### DATA FOR THIS EXERCISE
◇ ◇ ◇ ◇
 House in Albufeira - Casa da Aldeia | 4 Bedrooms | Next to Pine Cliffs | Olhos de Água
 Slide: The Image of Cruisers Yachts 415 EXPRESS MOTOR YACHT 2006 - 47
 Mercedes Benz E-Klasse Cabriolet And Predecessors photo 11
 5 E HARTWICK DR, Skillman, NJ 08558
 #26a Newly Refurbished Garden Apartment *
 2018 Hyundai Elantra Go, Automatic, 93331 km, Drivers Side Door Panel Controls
◇ ◇ ◇ ◇
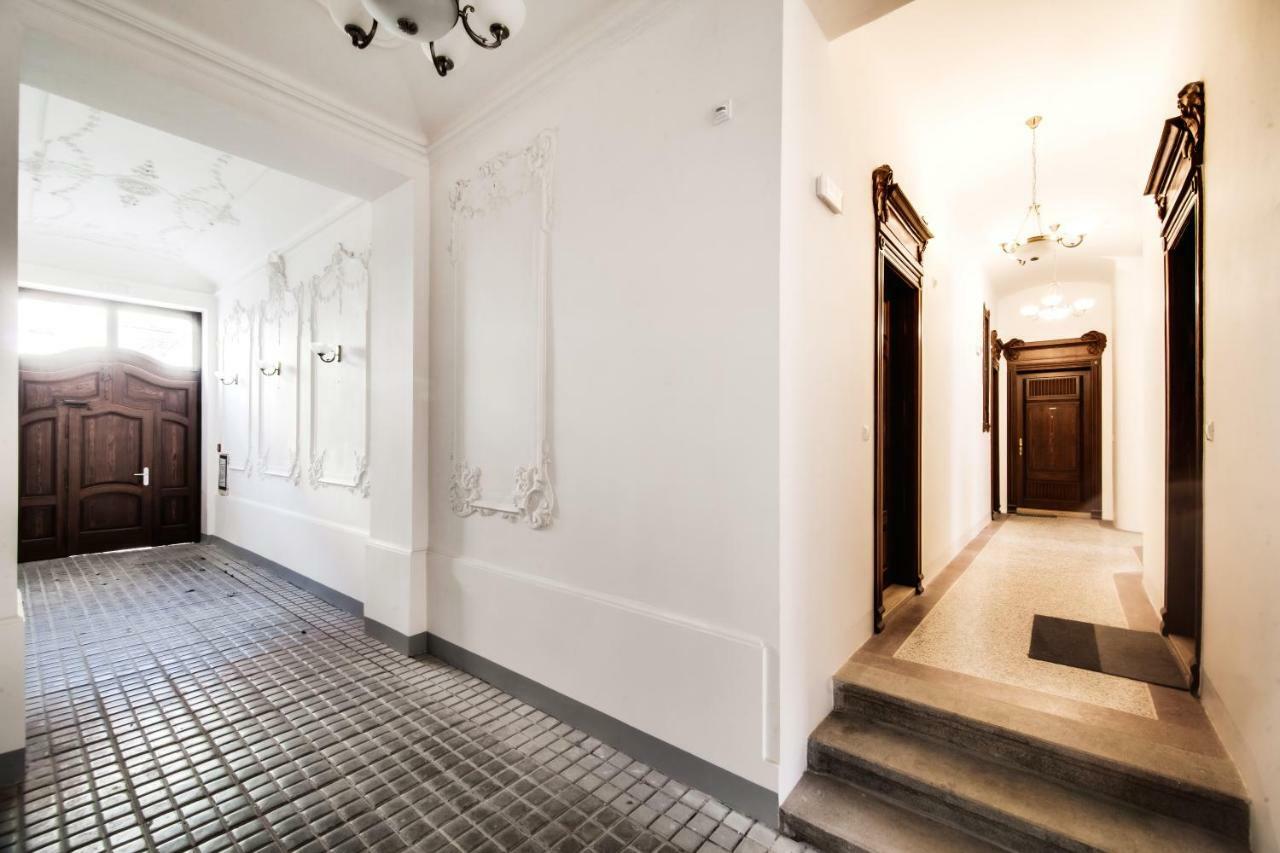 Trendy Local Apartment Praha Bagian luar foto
◇ ◇ ◇ ◇
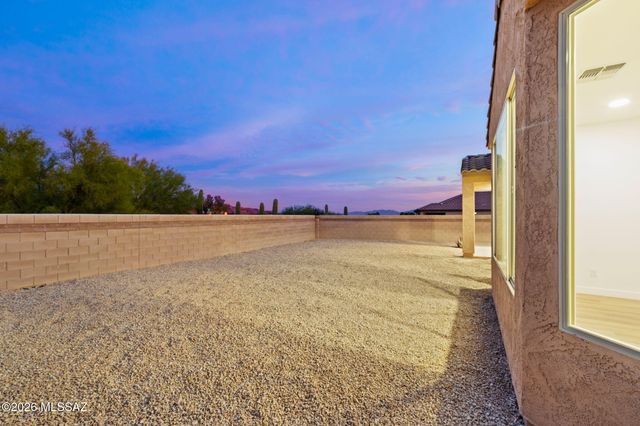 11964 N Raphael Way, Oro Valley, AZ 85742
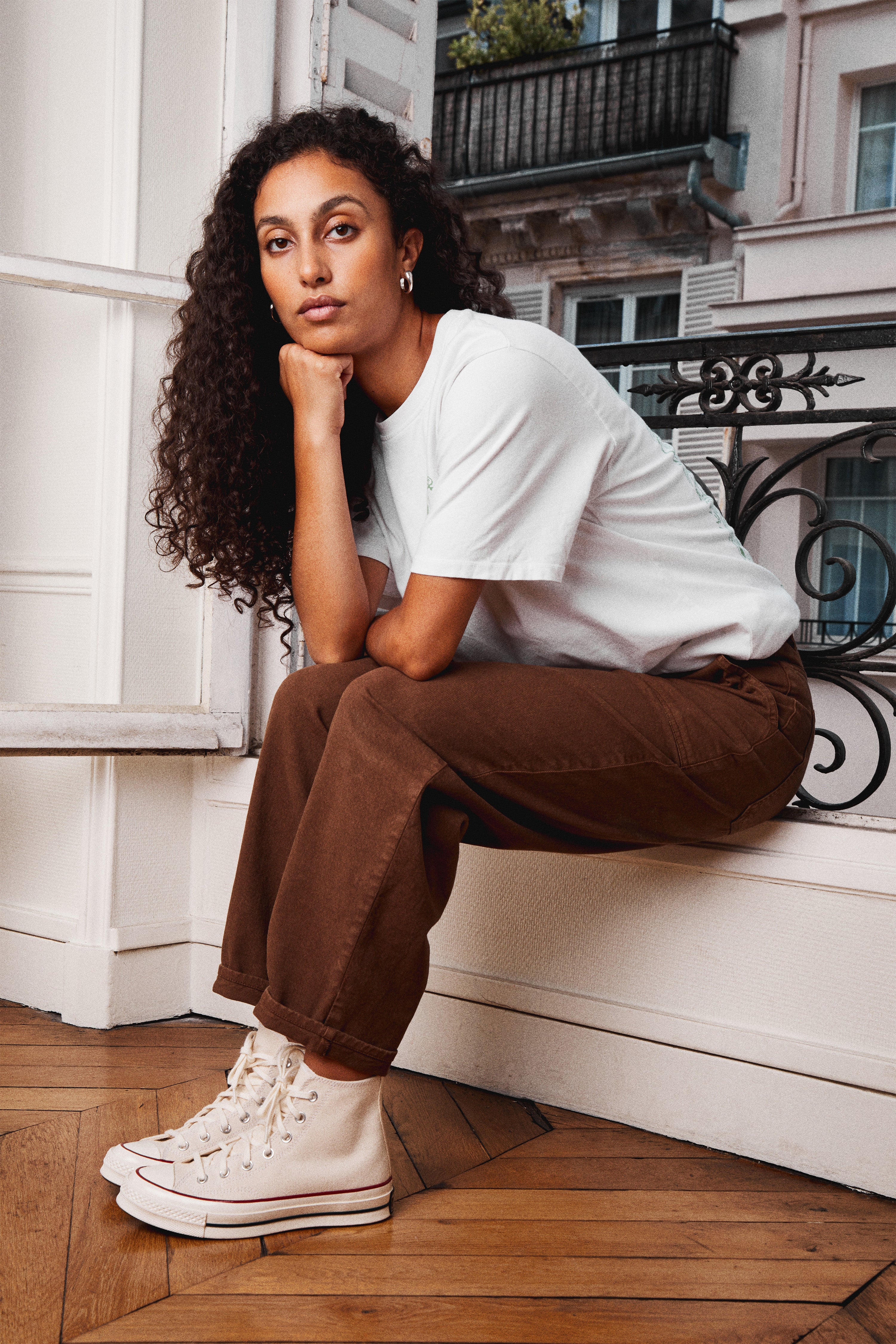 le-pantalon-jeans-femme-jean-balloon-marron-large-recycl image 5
◇ ◇ ◇ ◇
### REQUIRED WORK
Would you print exactly, and only, the lines of the data above from the line with "#26a Newly Refurbished Garden Apartment *" through the line with "2018 Hyundai Elantra", inclusive?

### OUTPUT OF THE EXERCISE
 #26a Newly Refurbished Garden Apartment *
 2018 Hyundai Elantra Go, Automatic, 93331 km, Drivers Side Door Panel Controls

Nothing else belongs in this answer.